━━━ Source information ━━━

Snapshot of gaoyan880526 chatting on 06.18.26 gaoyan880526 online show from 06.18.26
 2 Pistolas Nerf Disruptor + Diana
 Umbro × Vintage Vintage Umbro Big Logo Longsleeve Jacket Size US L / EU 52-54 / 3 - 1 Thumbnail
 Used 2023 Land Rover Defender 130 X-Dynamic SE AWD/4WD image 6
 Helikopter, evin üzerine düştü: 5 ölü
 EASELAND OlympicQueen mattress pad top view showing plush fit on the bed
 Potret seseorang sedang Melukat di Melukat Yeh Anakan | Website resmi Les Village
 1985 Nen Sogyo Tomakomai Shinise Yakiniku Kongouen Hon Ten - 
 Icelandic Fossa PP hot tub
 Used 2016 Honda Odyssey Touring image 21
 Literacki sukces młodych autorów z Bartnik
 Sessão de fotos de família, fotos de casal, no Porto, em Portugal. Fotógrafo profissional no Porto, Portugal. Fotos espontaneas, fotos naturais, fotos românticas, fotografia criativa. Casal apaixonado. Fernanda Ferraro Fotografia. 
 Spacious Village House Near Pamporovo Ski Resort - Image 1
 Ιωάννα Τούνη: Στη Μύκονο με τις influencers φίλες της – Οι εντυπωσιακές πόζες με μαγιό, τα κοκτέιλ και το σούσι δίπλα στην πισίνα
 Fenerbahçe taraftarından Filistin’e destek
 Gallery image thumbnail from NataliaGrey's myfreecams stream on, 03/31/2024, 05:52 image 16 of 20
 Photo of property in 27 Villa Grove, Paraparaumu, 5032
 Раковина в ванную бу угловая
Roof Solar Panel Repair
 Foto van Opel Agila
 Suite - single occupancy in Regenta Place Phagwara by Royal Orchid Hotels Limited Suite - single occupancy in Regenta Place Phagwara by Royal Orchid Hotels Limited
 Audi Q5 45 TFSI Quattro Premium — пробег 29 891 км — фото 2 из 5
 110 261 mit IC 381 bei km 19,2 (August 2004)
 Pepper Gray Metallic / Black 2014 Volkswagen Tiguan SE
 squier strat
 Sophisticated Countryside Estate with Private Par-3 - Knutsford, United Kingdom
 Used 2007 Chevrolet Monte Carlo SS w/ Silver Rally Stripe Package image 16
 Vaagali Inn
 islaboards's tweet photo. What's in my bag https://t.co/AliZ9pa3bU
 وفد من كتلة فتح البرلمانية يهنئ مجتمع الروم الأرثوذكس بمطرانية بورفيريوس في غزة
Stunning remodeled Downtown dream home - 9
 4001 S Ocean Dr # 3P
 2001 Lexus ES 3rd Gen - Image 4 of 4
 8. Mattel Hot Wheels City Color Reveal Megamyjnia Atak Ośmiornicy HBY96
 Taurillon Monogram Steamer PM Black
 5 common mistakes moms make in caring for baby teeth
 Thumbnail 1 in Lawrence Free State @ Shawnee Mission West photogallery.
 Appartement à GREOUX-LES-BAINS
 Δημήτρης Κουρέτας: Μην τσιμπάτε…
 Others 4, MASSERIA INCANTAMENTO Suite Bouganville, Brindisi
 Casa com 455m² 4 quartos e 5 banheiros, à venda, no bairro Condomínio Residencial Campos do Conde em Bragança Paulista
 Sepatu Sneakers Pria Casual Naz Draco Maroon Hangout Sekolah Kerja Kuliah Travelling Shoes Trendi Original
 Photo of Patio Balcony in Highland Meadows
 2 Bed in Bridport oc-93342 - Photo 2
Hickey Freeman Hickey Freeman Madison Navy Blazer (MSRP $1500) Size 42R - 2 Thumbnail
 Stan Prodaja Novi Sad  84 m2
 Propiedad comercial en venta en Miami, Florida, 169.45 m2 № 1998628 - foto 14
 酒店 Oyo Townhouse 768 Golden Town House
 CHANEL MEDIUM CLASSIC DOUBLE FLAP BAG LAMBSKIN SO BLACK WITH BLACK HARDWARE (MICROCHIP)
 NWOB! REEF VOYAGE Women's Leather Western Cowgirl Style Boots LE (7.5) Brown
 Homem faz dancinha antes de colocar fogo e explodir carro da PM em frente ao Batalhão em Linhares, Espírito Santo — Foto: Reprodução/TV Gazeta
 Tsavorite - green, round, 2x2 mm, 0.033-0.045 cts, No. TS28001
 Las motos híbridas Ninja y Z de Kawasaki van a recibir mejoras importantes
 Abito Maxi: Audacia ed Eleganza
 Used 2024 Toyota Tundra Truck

━━━

Find the lines in the records that contain the word "Size", then copy every one of them.

#### Solution below:
 Umbro × Vintage Vintage Umbro Big Logo Longsleeve Jacket Size US L / EU 52-54 / 3 - 1 Thumbnail
Hickey Freeman Hickey Freeman Madison Navy Blazer (MSRP $1500) Size 42R - 2 Thumbnail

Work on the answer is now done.